Lawmakers call for probe of College Board data sales

By Peter Hancock Capitol News Illinois

Attorney General Kwame Raoul speaks during a news conference May 15 at the Statehouse. Raoul’s office has been asked by nine lawmakers to investigate the business practices of the College Board and its practice of selling data it collects from students who take the SAT and PSAT exams. (File photo by Lindsey Salvatelli/Capitol News Illinois)

SPRINGFIELD — Nine Democratic lawmakers are calling on Illinois Attorney General Kwame Raoul to investigate the business practices of the College Board and sale of data it collects from students who take the SAT and PSAT exams.

The action comes about a week before high school students throughout the state are due to take the Preliminary Scholastic Aptitude Test, or PSAT, which among other things is used to determine eligibility for National Merit Scholarships.

Next spring, high school juniors throughout the state will take the SAT, a college entrance exam that the state mandates as part of its school accountability program.

The College Board’s practice of selling student data through its program called Student Search Service was the subject of national news reports by the New York Times and Washington Post, among others.

In May, a representative from the College Board, Todd Iverson, confirmed to the state Senate Judiciary Committee that the company sells access to data from Illinois students for 45 cents per student.
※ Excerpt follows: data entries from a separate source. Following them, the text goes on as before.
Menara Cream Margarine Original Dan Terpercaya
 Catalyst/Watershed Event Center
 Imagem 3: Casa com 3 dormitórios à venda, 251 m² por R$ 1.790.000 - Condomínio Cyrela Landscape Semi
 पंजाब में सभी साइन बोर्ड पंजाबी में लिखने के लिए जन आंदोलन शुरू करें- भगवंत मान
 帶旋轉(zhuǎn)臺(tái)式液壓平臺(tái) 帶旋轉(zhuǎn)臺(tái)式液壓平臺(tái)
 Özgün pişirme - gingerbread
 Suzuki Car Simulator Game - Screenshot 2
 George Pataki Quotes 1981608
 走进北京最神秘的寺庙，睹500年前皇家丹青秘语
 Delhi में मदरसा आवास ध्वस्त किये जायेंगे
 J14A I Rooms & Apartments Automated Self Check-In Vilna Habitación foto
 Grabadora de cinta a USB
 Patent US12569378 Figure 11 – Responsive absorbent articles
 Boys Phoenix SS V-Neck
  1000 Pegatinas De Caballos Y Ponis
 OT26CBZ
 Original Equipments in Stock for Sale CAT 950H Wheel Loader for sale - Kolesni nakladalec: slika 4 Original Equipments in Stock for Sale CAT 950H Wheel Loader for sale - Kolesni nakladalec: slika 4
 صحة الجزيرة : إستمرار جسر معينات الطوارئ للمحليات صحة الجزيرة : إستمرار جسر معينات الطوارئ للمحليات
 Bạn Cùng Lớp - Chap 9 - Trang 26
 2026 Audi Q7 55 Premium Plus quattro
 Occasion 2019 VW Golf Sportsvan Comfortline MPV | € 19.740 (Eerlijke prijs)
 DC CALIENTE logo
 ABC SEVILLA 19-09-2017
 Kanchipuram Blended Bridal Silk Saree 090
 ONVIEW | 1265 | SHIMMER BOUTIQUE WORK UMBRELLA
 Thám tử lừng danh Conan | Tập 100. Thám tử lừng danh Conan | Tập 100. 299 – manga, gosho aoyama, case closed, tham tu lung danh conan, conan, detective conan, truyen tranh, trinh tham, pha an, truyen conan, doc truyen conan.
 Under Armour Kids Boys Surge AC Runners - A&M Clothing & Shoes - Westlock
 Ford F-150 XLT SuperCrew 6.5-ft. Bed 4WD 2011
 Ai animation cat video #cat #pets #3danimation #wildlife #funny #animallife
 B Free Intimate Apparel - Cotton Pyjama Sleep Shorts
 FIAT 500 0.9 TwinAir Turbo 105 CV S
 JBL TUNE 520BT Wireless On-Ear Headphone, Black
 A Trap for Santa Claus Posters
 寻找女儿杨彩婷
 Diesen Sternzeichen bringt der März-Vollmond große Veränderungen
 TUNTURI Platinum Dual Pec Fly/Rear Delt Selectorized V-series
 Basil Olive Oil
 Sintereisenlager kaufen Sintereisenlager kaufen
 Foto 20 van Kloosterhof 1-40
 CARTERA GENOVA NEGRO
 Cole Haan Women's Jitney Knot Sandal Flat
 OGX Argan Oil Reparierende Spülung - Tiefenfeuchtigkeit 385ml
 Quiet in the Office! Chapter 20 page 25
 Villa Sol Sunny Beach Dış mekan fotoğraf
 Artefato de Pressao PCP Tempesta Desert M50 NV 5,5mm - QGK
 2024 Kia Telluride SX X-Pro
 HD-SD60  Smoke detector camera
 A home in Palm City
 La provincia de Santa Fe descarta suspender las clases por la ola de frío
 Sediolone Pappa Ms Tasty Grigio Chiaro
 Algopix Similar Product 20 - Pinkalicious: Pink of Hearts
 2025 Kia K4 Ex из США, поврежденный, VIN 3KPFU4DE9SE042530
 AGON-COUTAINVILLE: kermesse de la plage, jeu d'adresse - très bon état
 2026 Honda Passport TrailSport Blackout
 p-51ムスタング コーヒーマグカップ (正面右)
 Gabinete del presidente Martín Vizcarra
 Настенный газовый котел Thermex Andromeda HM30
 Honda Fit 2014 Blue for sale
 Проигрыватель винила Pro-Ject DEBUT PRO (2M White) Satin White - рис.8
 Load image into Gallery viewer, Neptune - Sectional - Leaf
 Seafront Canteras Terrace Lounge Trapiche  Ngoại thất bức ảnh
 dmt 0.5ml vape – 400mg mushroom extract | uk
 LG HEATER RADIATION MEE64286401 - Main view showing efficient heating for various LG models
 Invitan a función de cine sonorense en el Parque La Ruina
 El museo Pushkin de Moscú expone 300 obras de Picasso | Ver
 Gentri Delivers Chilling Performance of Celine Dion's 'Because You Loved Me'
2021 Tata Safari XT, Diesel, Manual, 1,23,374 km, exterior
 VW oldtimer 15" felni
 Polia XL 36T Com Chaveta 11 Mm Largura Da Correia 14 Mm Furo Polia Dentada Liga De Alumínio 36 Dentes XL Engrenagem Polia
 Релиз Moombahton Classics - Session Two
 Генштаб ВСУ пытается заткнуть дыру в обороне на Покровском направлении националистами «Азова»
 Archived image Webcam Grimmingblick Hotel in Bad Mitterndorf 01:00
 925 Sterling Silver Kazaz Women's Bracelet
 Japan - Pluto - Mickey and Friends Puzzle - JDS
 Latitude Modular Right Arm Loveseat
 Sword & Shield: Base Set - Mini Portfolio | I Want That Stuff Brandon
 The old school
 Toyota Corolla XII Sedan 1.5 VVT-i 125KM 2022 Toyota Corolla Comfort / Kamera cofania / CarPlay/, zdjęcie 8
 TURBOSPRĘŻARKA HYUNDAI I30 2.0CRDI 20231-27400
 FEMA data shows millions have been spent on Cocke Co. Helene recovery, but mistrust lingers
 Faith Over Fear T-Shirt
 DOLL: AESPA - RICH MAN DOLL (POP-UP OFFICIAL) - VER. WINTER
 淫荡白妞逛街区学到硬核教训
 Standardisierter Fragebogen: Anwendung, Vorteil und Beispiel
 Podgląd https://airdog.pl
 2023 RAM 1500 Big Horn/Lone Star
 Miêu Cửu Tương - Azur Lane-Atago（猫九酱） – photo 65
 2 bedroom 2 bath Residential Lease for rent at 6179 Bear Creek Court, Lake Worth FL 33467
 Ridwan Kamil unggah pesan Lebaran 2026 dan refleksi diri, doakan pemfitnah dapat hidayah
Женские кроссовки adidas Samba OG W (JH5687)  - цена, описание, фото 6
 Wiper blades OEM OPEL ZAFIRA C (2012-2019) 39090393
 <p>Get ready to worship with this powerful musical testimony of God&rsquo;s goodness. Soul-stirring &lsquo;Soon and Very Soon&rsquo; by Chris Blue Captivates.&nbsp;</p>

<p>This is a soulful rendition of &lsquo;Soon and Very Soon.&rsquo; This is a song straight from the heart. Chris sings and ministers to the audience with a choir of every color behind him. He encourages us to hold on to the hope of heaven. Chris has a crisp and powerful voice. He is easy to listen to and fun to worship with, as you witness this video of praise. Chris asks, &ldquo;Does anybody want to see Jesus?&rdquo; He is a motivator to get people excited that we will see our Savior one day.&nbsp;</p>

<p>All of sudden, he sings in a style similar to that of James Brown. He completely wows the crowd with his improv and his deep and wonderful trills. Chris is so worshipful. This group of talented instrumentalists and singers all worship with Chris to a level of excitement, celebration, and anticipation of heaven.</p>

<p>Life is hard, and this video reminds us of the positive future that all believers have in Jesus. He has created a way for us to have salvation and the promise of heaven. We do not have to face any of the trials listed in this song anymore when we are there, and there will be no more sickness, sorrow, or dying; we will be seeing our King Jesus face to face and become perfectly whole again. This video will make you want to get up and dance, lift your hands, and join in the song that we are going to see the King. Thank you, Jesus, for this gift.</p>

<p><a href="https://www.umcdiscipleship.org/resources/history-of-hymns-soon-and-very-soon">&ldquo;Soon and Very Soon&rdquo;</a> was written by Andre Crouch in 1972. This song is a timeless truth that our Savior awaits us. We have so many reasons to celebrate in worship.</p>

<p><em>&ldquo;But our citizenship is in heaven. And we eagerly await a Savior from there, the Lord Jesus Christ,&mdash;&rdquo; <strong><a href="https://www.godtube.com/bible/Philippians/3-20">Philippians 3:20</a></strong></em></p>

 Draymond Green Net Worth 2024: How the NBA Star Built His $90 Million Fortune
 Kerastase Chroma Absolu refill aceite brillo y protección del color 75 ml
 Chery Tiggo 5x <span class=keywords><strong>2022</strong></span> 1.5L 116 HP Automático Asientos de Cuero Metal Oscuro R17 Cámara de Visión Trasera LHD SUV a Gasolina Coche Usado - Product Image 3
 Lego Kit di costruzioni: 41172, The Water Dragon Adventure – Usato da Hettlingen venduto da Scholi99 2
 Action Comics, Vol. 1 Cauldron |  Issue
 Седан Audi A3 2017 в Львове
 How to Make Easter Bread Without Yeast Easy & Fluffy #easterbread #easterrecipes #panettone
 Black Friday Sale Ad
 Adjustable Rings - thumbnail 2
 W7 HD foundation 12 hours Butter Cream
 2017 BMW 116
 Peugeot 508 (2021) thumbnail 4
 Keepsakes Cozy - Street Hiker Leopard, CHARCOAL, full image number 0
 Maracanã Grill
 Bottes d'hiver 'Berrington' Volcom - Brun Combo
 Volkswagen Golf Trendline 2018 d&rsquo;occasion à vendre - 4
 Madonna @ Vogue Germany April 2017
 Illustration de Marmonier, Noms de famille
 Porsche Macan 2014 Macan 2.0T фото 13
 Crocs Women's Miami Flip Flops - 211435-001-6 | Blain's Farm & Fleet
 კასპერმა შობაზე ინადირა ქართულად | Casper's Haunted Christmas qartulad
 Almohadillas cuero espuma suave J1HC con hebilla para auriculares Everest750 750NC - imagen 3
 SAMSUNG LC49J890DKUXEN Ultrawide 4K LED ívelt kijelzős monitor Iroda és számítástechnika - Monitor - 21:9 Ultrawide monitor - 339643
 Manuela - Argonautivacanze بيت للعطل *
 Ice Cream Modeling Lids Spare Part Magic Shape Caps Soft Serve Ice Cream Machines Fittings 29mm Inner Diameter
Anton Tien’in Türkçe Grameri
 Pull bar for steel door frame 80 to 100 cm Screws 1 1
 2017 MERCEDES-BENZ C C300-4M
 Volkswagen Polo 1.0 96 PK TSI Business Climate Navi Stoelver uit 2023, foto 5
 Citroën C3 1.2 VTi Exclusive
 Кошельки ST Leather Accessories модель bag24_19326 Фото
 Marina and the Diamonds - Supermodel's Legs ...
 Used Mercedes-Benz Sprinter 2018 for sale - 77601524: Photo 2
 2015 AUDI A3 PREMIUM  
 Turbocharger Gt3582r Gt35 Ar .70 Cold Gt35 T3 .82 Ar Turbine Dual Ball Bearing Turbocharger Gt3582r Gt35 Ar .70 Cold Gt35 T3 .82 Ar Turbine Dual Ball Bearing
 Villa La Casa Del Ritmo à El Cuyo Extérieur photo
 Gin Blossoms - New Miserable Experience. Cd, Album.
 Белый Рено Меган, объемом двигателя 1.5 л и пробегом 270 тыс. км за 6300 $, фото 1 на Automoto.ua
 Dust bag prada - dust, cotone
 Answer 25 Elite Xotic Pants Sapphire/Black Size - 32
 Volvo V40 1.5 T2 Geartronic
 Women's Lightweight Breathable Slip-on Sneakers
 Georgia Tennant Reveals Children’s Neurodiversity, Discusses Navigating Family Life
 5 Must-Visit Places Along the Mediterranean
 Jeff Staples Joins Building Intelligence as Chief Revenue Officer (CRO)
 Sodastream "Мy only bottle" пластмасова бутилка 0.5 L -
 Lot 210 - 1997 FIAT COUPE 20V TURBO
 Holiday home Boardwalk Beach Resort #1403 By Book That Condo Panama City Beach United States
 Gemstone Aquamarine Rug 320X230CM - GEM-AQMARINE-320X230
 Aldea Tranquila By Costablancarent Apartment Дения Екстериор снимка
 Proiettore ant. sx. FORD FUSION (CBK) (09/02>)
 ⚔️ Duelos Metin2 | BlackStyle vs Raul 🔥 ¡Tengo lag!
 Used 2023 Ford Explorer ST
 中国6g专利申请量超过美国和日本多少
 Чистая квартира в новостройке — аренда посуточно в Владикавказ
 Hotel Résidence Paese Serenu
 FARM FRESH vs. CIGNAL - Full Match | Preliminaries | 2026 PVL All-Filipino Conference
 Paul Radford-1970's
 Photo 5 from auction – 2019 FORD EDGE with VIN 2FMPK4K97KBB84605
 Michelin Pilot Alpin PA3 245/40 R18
That testimony came as the panel was considering legislation to strengthen the state’s Student Online Personal Protection Act.

But Sara Sympson, a spokeswoman for the College Board, said in an email Oct. 10 the nonprofit company does not “sell” the data but, rather, makes the information available “under strict licensing agreements with colleges, scholarship partners, and nonprofit organizations.”

The program is voluntary, she said, and students must “affirmatively declare” they want to have conversations with schools and scholarship providers.

Those who access the data, she said, must adhere to precise rules that require the data be used for only noncommercial, education-related purposes. They also must agree not to share student information with third parties, other than mail service providers and other contractors, and they must destroy the data once their agreement expires.

“Students and their families need information to help them navigate the winding and complicated path to college and career,” Sympson said. “Student Search fills that need, providing information that can support their transition to college, particularly for historically underrepresented student populations who are already disproportionately unlikely to apply, enroll, and graduate from college.”

But the group of lawmakers urging Raoul to investigate argued that the College Board is less than transparent about the program.

“Although the College Board asks students for their consent (including those under age 18) for disclosing their data to colleges, universities and scholarship providers, they do not inform either students or parents that they will be providing the data to these organizations in exchange for a monetary payment,” the lawmakers said in a letter to Raoul.

The data involved in the program includes not just students’ test scores, but also information they provide on survey questionnaires that accompany those exams, such as their academic interests and their activities in high school. Colleges, universities and scholarship programs buy the data to identify prospective students.

The lawmakers also noted the College Board is a significant vendor for the state. It has a $29 million contract with the Illinois State Board of Education for the SAT and PSAT exams, and last year it was paid more than $2 million to cover fees for Advanced Placement Tests for low-income students.

The lawmakers said the practice of selling student data might violate at least two state laws, the Student Online Privacy Protection Act, which prohibits businesses that provide online services to schools from selling or leasing student data, and the Children’s Privacy Protection and Parental Empowerment Act, which bars sale of data of children under 16 without parental consent.

The letter was signed by Democratic Sens. Cristina Castro, of Elgin; Robert Martwick, of Chicago; Laura Murphy, of Des Plaines; and Robert Peters, of Chicago. Democratic Reps. Robyn Gabel, of Evanston and Will Guzzardi, Lindsey LaPointe, Aaron Ortiz and Ann Williams, all of Chicago, also signed on.

A spokeswoman for Raoul said in an email the office is aware of the lawmakers’ concerns and is looking into the matter.

Cassie Creswell, who heads the advocacy group Illinois Families for Public Schools, said in an interview that Raoul’s office has worked with students and parents to fill out consumer complaint forms so the office can begin an investigation.